The three articles in this issue of TOS have, for me, been highly educational. How health insurance and medicine in America came to be as obscenely regulated as they are today—how tort law in America came to be the vicious circus that it is today—and how America identified and eradicated the fundamental cause of Japanese aggression in World War II, thereby eliminating the threat posed by it—all of this is now clear.

In “Moral Health Care vs. ‘Universal Health Care’,” Lin Zinser and Paul Hsieh survey the history of government interference in health insurance and medicine in America, specifying the rights violations and economic problems caused thereby; they enumerate the failed attempts to solve those economic problems by means of further government interference; and they show that the only viable solution to the debacle at hand is to gradually and systematically transition to a rights-respecting, fully free market in these industries.

In “Instrumentalism and the Disintegration of American Tort Law,” David Littel illustrates the utter insanity of today’s liability law, recounts the roots and original purpose of the law of torts, surveys the missing links and corrupt ideas that led to its destruction, and sheds light on the path to identifying a sound body of principles that will ground this field in the ultimate purpose of objective law: the protection of individual rights.

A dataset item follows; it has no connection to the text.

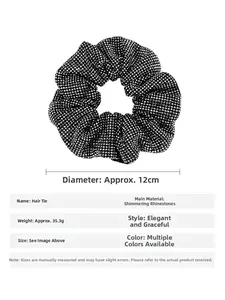 Detail view of a black scrunchie with sparkling rhinestones and 35.3g weight specification
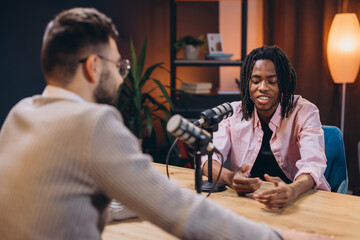 Two male podcasters are recording a new episode of their podcast in a studio, using professional...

In “‘Gifts from Heaven’: The Meaning of the American Victory over Japan, 1945,” John David Lewis identifies the ideology of sacrifice behind the Japanese aggression that culminated in World War II; documents America’s recognition of this ideology as the fundamental cause of the Japanese assault on the West; explains how America targeted, dismantled, and discredited this ideology, replacing it with the ideas, values, and institutions necessary for the establishment of a free society; and defends America’s use of the atom bomb as a profoundly moral way to end the war.

I think you will find these articles as engaging as they are informative.

Enjoy the essays—and the holidays—and have a wonderful 2008!